Herald Article May 2021
Social distancing could deepen UK productivity woe
With the majority of Scotland moving to level two restrictions today, we are surely just a spell of decent weather away from confirming the return of that precious commodity, optimism.
Aside from those personal easements in what we can do in our spare time and with family and friends, the business barometer is looking better than expected at least for most. The Bank of England outlook earlier this month significantly improved its GDP forecast for the year by over 2 percent from February’s look forward, and for our manufacturing industry cited a higher projection for business investment with its welcome accompanying boost to productivity.
This picture matches the conversations we are having with member companies, who are in the main feeling a pick-up in business traffic, in some cases evidenced by increased meaningful order enquiries, all the way through to genuinely flat out busy. The observation that the expected sharp increase in unemployment this year is waning also holds true for our sector, with companies reporting it is generally no easier to find skilled staff than pre-pandemic, linked in part to the likelihood that many of those impacted by redundancy in the last year are now retirees, with no intention to return.
Against a scenario of increasing demand, capacity to keep up is already an issue for some, and a potential (and somewhat welcome) issue for many more, so where will engineering firms look for levers to help? The baseline priority for the foreseeable future is keeping the staff producing physical work at work, not at home self-isolating or worse, so continued focus on maintaining the excellent performance of the sector in applying effective control measures from continuous risk assessment will continue. No doubt Covid levels will change as movements inevitably increase and restrictions decrease, so keeping staff healthy and able to work is the number one way to hold capacity up.
If demand rises, yet access to available skilled staff remains low, then we must return to productivity increases for additional gains to aid capacity, and here we need to look at the levels of social distancing currently advised in the workplace in line with wider changes as restrictions ease. Businesses continue to report up to 20% loss of productivity due to social distancing, and where companies who compete with ours – whether across the UK or around the world – are opened to a productivity boost from reductions in social distancing, we will be competitively disadvantaged if we are out of step with those.

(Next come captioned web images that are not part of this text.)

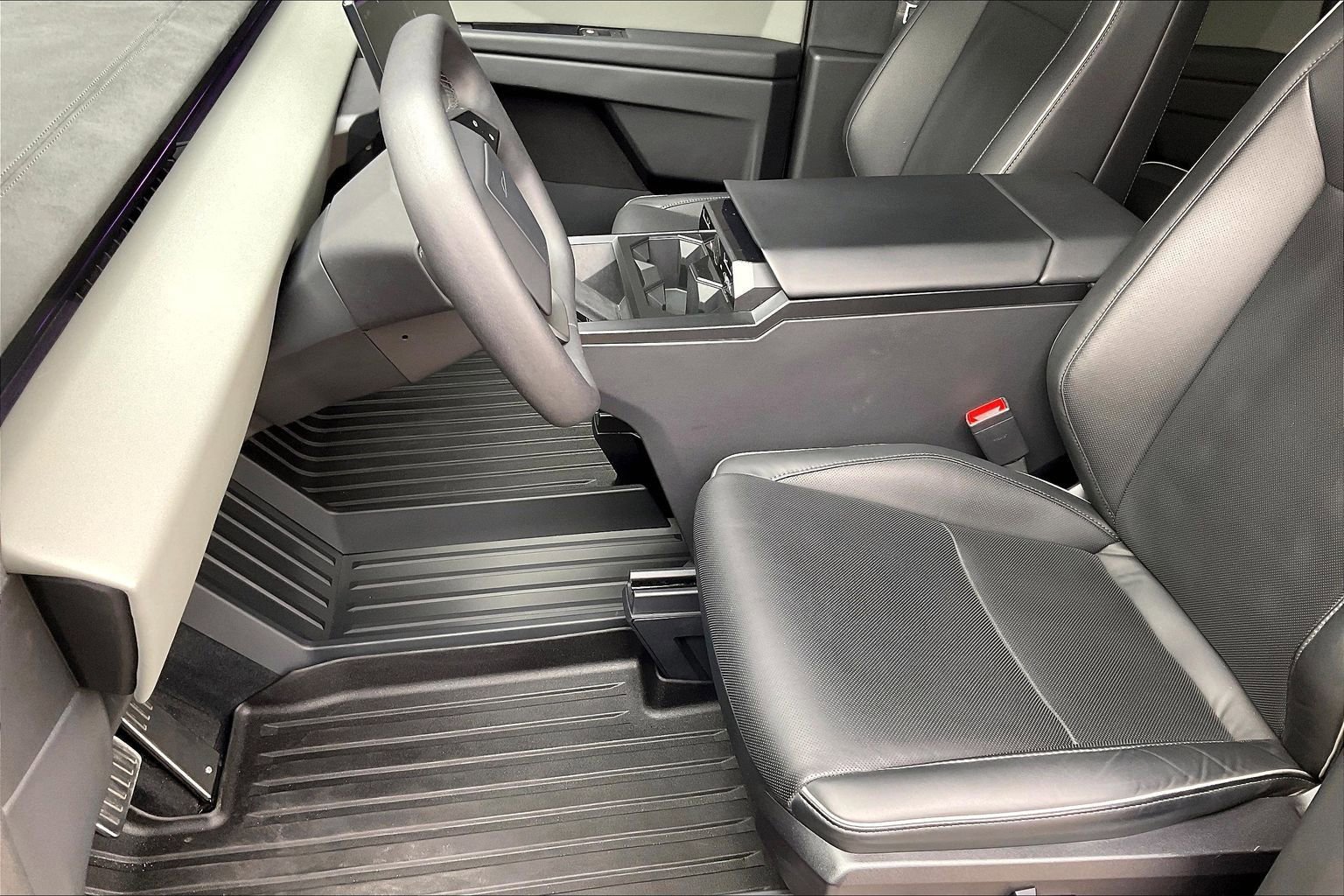 Used 2024 Tesla Cybertruck Cyberbeast image 19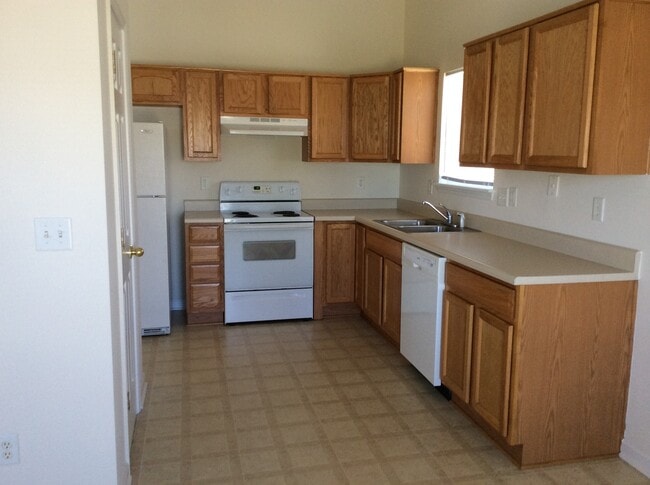 Building Photo - Franklin Twp - 3 BR ranch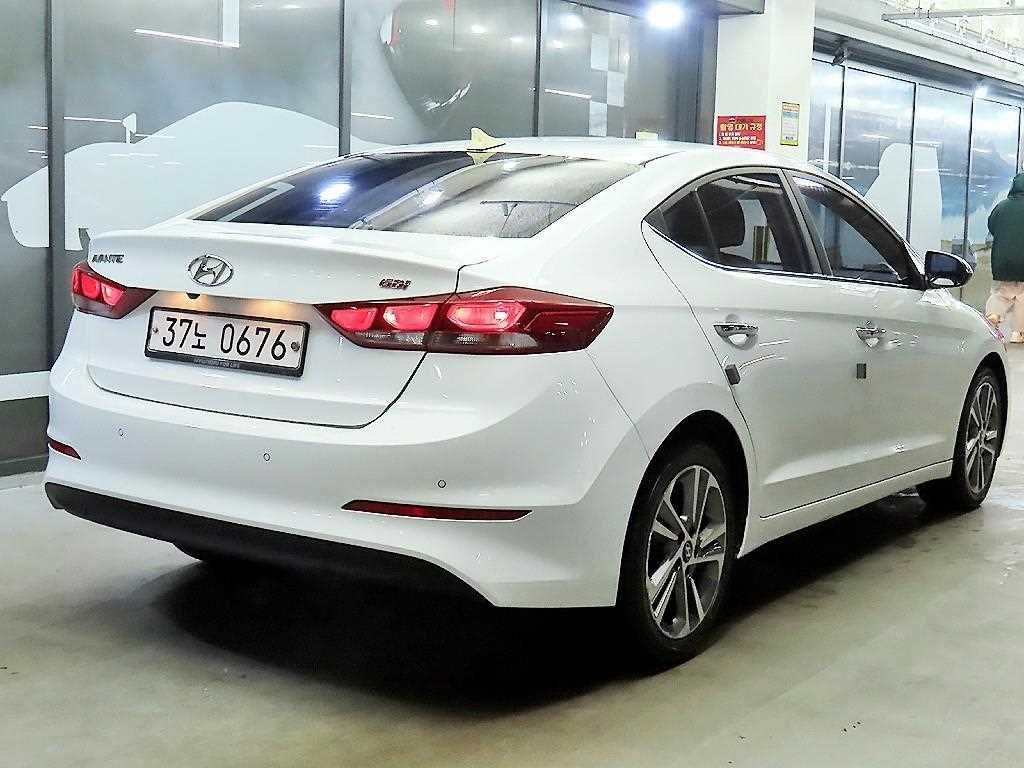 HYUNDAI Avante - Vista 4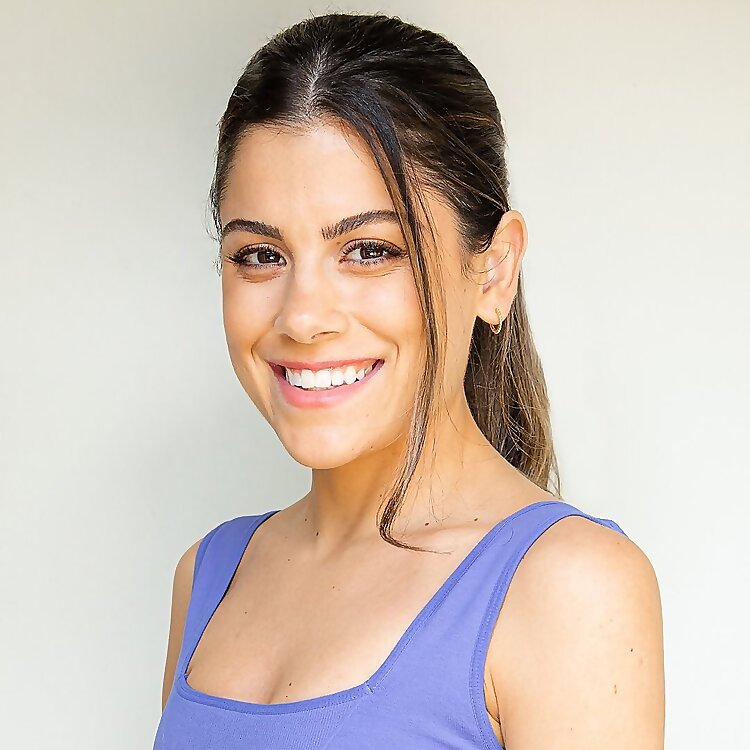 Yasi Ansari 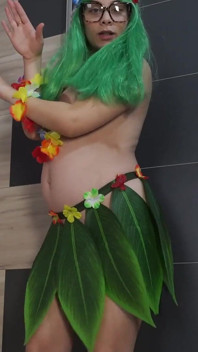 Min styvsyster utför hawaiiansk dans i en grön hawaiiansk cosplaykostym sedan onanerar och visar vad som är under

One more influence to consider is perhaps one with a less immediate impact on productivity, but no less crucial, nonetheless. Discussions on the long-term trajectory of what the balance might be for those who can work from home has been like a very slow ride on a rollercoaster. The early days of lockdown were full of concern that the likelihood of remote working en masse being a viable way to run a business was pie in the sky, teamed with hopeless optimism that it might be all back to normal by summer.
A couple of months in, there was incredulity that it was in fact working and that urgent projects to migrate digital systems successfully had been achieved so quickly. Summer saw a rise in the new way of working enthusiast – “we will never go back!” – as those who had previously been highly sceptical had their own light bulb moments of its advantages to both business and individual. Late autumn and the start of winter brought a new sense of balance, one that recognised this way of working might enable an efficient organisation but not necessarily an effective one.
Concern at the impact on colleagues of the sense of isolation and detachment was equally balanced with a sense that something was missing. The impromptu conversations at the end of a meeting or in passing that led to an idea that delivered continuous improvement or customer value weren’t happening nearly as often as before. The impact that has on continuous improvement is a real concern because when it comes to productivity, the UK has been at the wrong end of that league table for a decade before Covid arrived and cannot afford to slip further adrift.
This doesn’t suggest for a minute that our future is a return to our past; the advantages of the flexible approach to working of the last year have been too clear, too compelling for that to happen. As ever it will find its balance, and for the sake of our sector’s productivity, I hope it’s weighted to working from work, not working from home.